Дома Лиза еще не спала. Отец говорил что-то сурово, что она опоздала, что самовар не убран, – Серафима не ответила, она слушала и не совсем хорошо слышала, думала о том, что из темноты свет лампы режет ей глаза и больно смотреть. Молча, проворно и привычно делала она все, что надо, убрала со стола, раздела Лизу, осторожно накапала ей капель, которые принесла. Лиза любила лекарства и охотно выпила капли. В постели начала было буянить, но вдруг затихла и заснула. Серафима поцеловала руку у отца, ушла к себе и притворила дверь. Хотела было раздеваться, да не стала, а присела на скамеечку у широкой постели и так сидела не двигаясь. Лампадка горела у киота, в головах постели, тени шевелились на подушках и на Лизином лице. Лиза спала, и лицо у нее было опять спокойное, прекрасное и невинное.
У Серафимы до сих пор не было ни одной ясной мысли, волна радости точно закрыла ее всю; но теперь, в тишине, ей стало спокойнее. Она совсем просто подумала, простыми словами то, что никогда раньше не думала:
«Вот, замуж за него пойду».
И эта мысль не казалась ей ни непривычной, ни стыдной, ни страшной. Другие какие-нибудь слова не приходили ей в голову, да и почему другие? В этих для нее понятно уложилась вся радость:
«Вот, замуж за него пойду».
Как это будет, как устроится, она не думала. Просто – «замуж пойду» вместо «люблю».
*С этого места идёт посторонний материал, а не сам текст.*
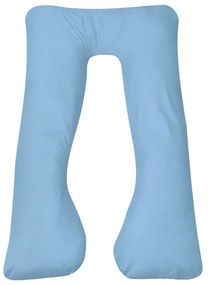 131588 vidaXL Almofada de gravidez 90x145 cm, azul claro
Потом ей захотелось помолиться. Она встала на колени у постели и подняла глаза на киот. Там, посередине, за лампадным светом, стоял образ Спаса, большой, – благословение матери. В золотой ризе с каменьями, весь яркий, розоволикий, ясноокий, с благостными, молодыми, синими глазами. Слева, углом, был другой образ Спасителя, но древний; от серебряной ризы лик его казался еще чернее; Серафима видела только темное пятно – да белые точки глаз. Но она и смотрела на него редко, потому что он был сбоку, она всегда молилась тому, материнскому…
Своими словами Серафима не умела молиться. Невольно ей пришли на память заученные слова, и она стала шептать:
– Господи, Владыко живота моего! Дух праздности, уныния, любоначалия и празднословия не даждь ми…
Но потом она остановилась и не кончила молитву. Не входили в сердце слова и не давали утоления радости. «Дух праздности…» В ней и не было духа праздности. «Уныния». Какое же уныние, когда радость? «Любоначалия, празднословия…» Не для Серафимы были эти слова, и она невольно остановилась. А для счастья своего она не знала слов, которые могла бы сказать Христу. И она просто смотрела на ясноокий лик.
– Господи, Господи!
Христос показался ей знакомым, знакомым, милым, драгоценным, златокудрый, с синими добрыми глазами. Она так долго смотрела ему в лицо, что уже забыла почти, что это – Христос. Ее любовь была в Нем, была – Он.
И ни греха, ни смущения в душе оттого, что Христос – такой знакомый, такой похожий… Только усталость от счастья.
Лампадные тени бродили по подушкам. Лиза спала, красивая, тихая. Серафима подумала, что ей хочется плакать, – но слезы не текли. Она встала, быстро разделась, легла рядом с Лизой и сейчас же заснула.